▶ [EXERCISE AIM] Write out each line of the listing as it stands, without the images.

▶ [DATA SHOWN]

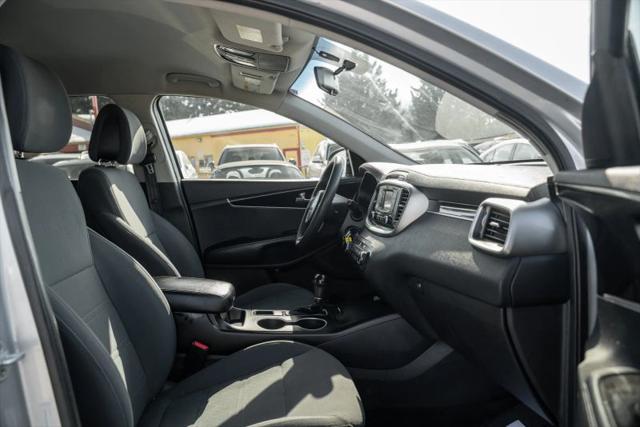 2016 Kia Sorento 2.4L LX
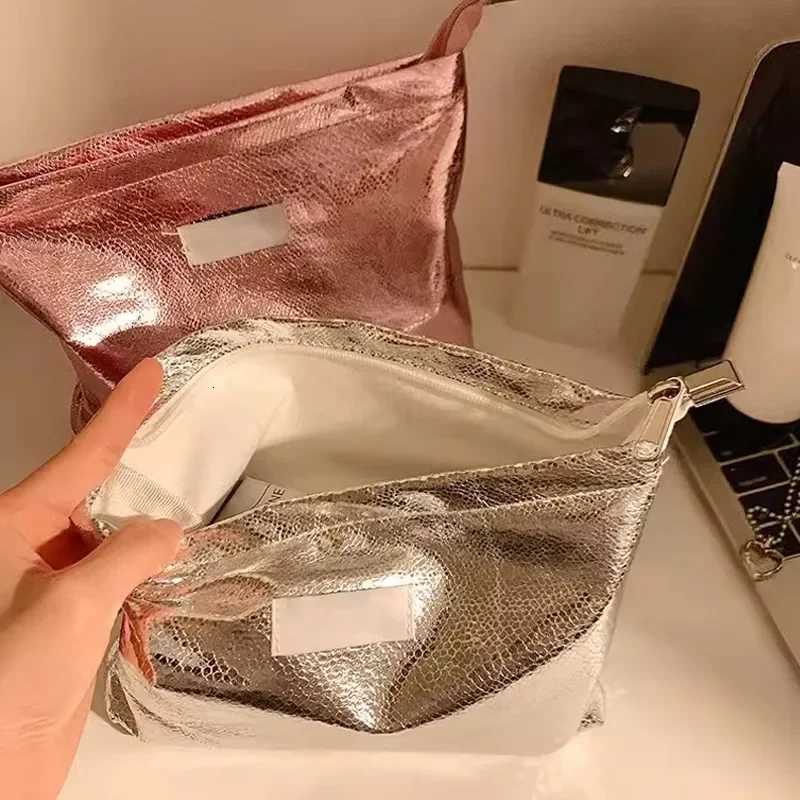 2024 New Simple Portable Large Capacity Outdoor Storage Handbag Shiny Sequins Clutch Skincare Cosmetic Toiletries Clutch BagT251024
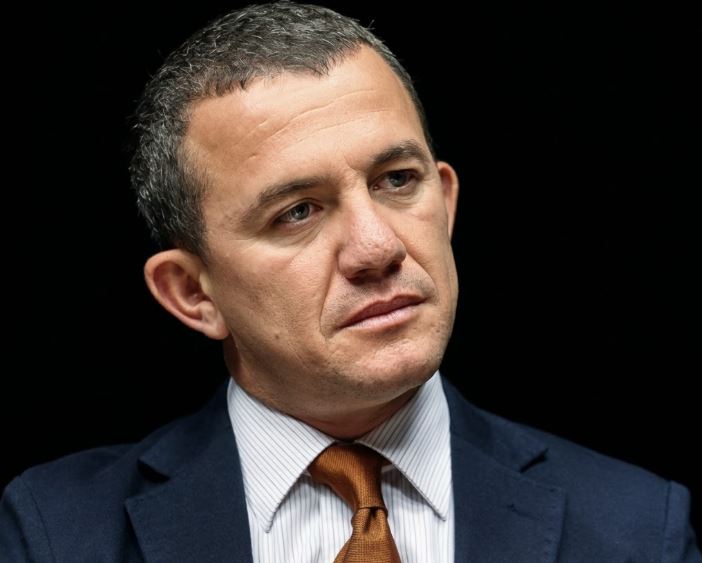 Ata që krahasojnë Ramën me Vuçiç, a munden me e krahasu veten me protestuesusit në Serbi?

▶ [EXERCISE OUTPUT]
 2016 Kia Sorento 2.4L LX
 2024 New Simple Portable Large Capacity Outdoor Storage Handbag Shiny Sequins Clutch Skincare Cosmetic Toiletries Clutch BagT251024
 Ata që krahasojnë Ramën me Vuçiç, a munden me e krahasu veten me protestuesusit në Serbi?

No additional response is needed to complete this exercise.